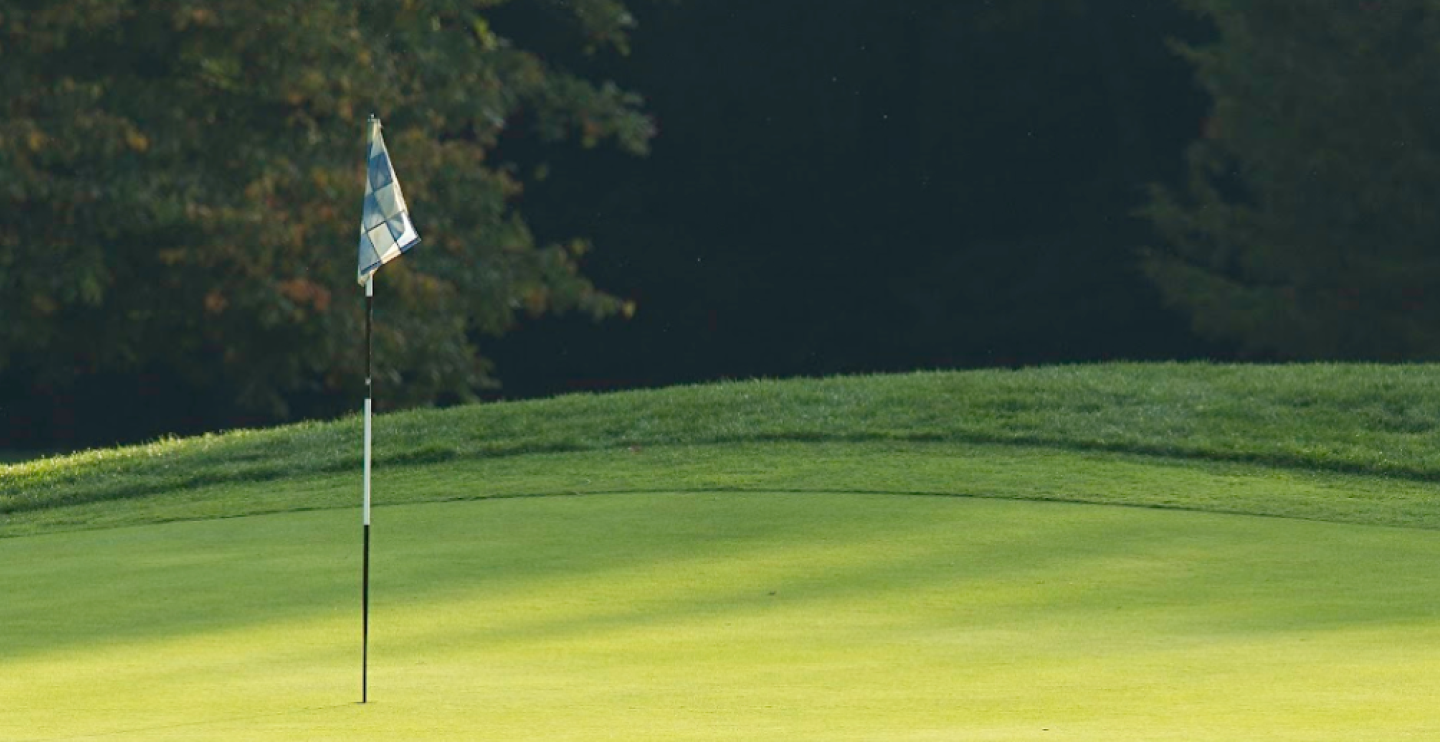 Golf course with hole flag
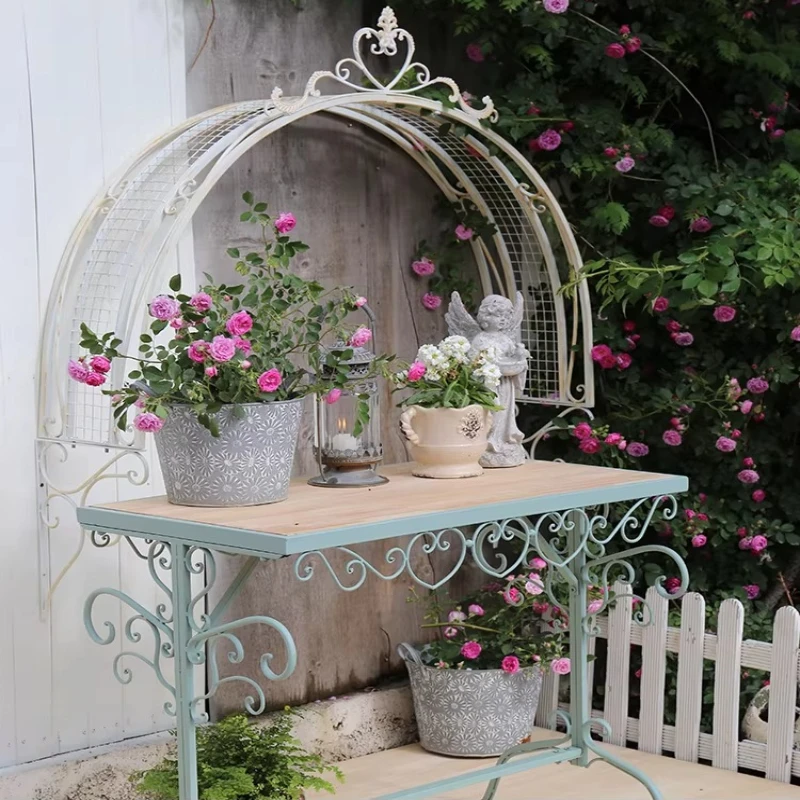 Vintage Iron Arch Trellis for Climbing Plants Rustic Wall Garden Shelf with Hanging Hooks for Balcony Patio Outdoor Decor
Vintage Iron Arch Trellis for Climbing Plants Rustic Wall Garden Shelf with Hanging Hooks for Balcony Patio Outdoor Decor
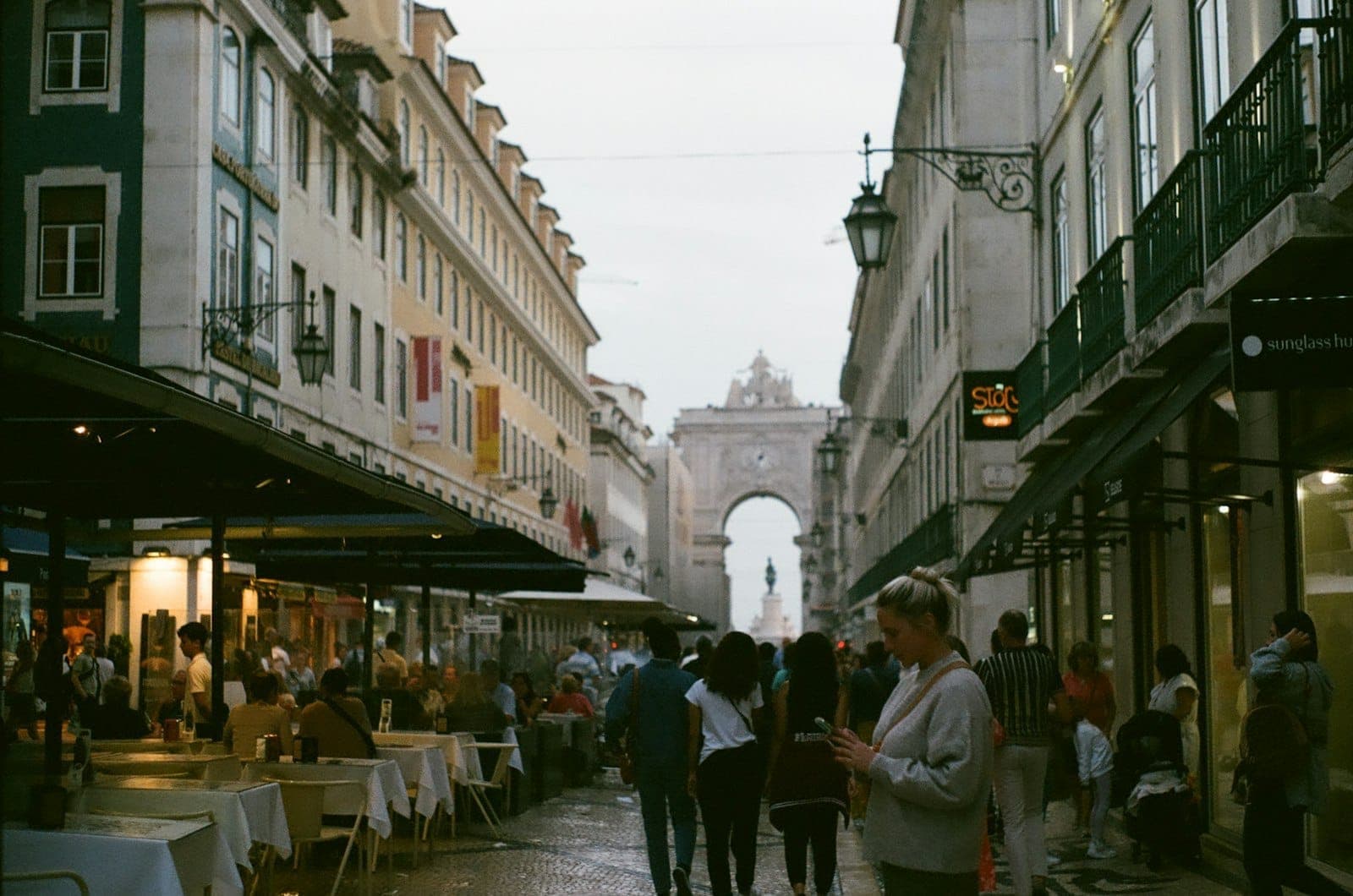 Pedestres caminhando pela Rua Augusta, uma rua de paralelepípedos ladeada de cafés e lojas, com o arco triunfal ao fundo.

——————

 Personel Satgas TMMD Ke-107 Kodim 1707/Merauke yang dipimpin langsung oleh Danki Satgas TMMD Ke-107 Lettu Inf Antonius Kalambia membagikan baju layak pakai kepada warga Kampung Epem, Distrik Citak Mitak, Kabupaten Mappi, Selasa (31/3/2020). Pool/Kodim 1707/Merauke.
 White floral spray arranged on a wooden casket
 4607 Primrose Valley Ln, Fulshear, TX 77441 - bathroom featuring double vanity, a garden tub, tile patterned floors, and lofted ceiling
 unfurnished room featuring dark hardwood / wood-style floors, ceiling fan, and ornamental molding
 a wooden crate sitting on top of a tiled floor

——————

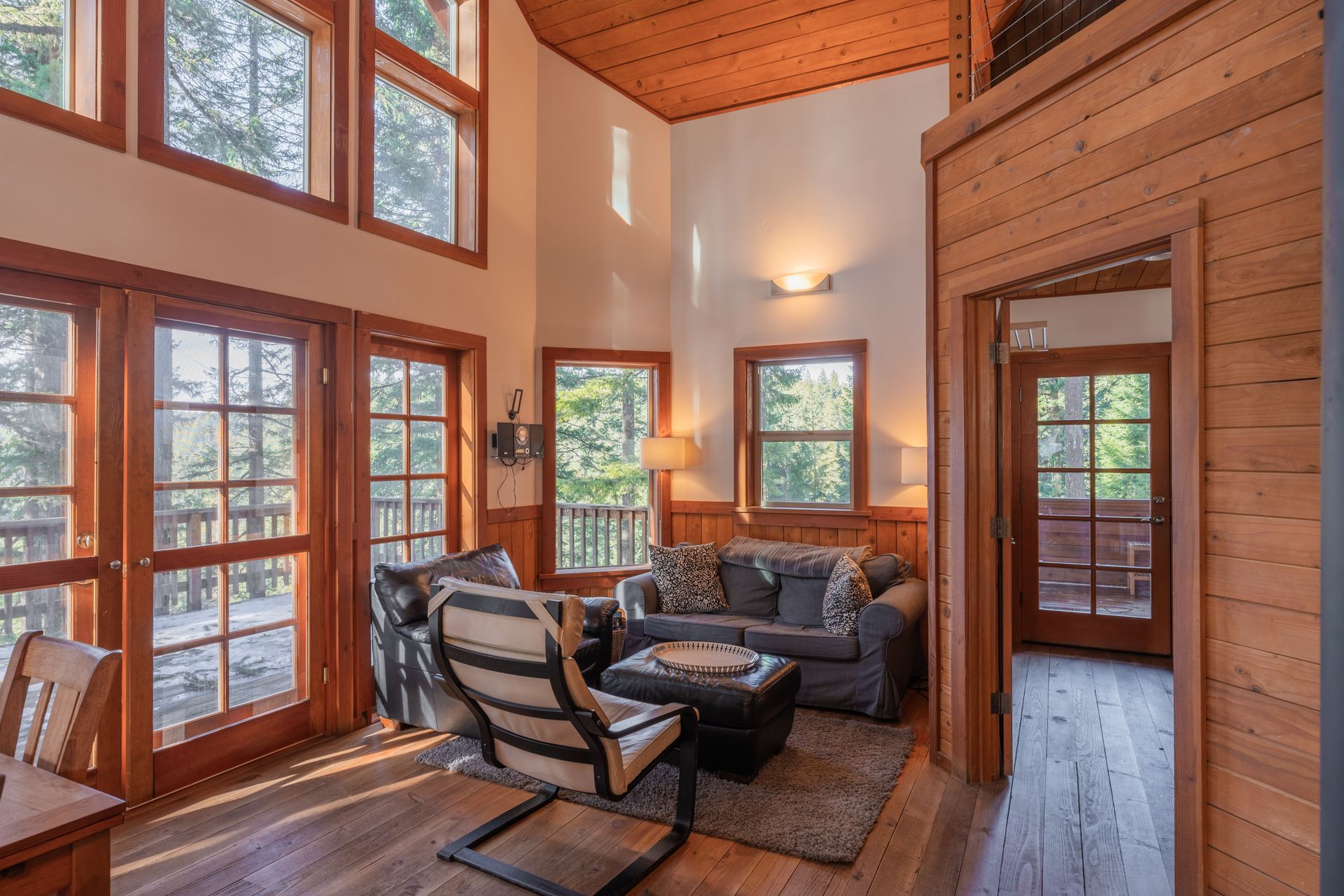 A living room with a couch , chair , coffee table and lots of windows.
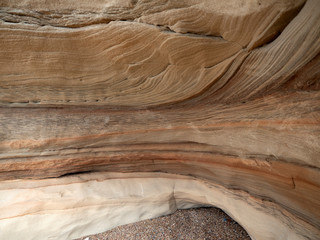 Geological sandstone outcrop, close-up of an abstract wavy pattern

——————

Repeat exactly the lines above, from the line that contains "Golf course with hole flag" down through the line that contains "Pedestres caminhando pela". Include both of those lines and none of the pictures.

 Golf course with hole flag
 Vintage Iron Arch Trellis for Climbing Plants Rustic Wall Garden Shelf with Hanging Hooks for Balcony Patio Outdoor Decor
Vintage Iron Arch Trellis for Climbing Plants Rustic Wall Garden Shelf with Hanging Hooks for Balcony Patio Outdoor Decor
 Pedestres caminhando pela Rua Augusta, uma rua de paralelepípedos ladeada de cafés e lojas, com o arco triunfal ao fundo.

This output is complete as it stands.